__Data for the task__.

════════════════

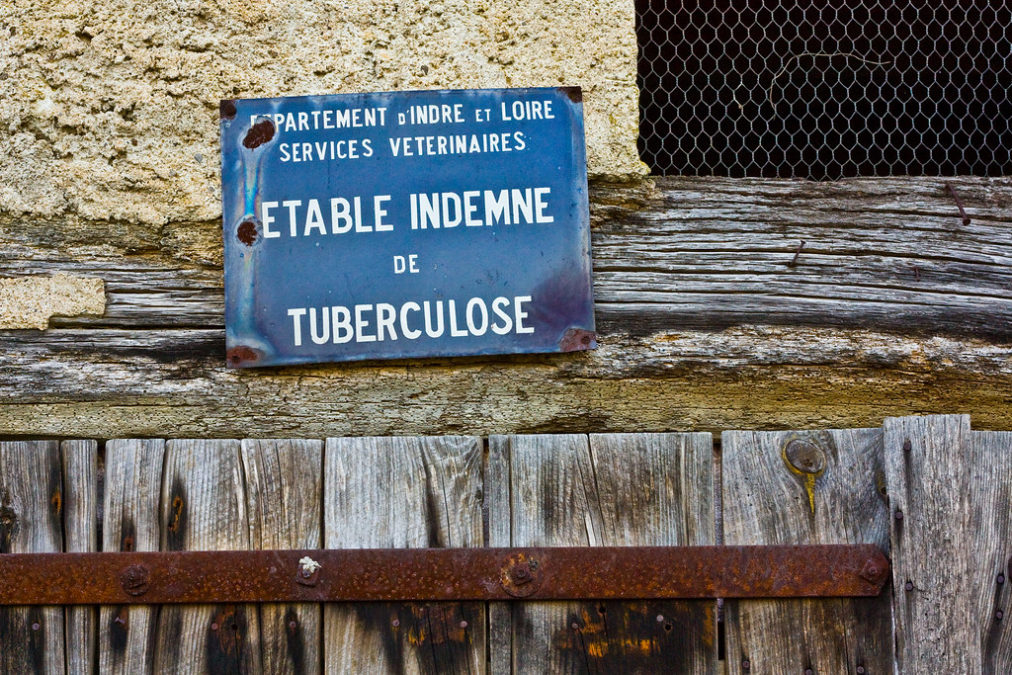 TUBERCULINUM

════════════════

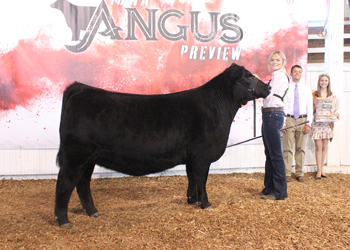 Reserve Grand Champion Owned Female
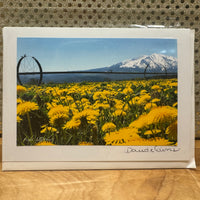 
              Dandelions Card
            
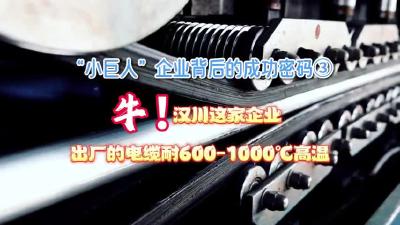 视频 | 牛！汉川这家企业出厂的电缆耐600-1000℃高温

════════════════

__Exercise__. Output only the stretch above from the line with "Reserve Grand Champion Owned Female" through the line with "视频 | 牛！汉川这家企业出厂的电缆耐600-1000℃高温", reproduced exactly. Exclude pictures.

__Exercise solution__.
 Reserve Grand Champion Owned Female
              Dandelions Card
            
 视频 | 牛！汉川这家企业出厂的电缆耐600-1000℃高温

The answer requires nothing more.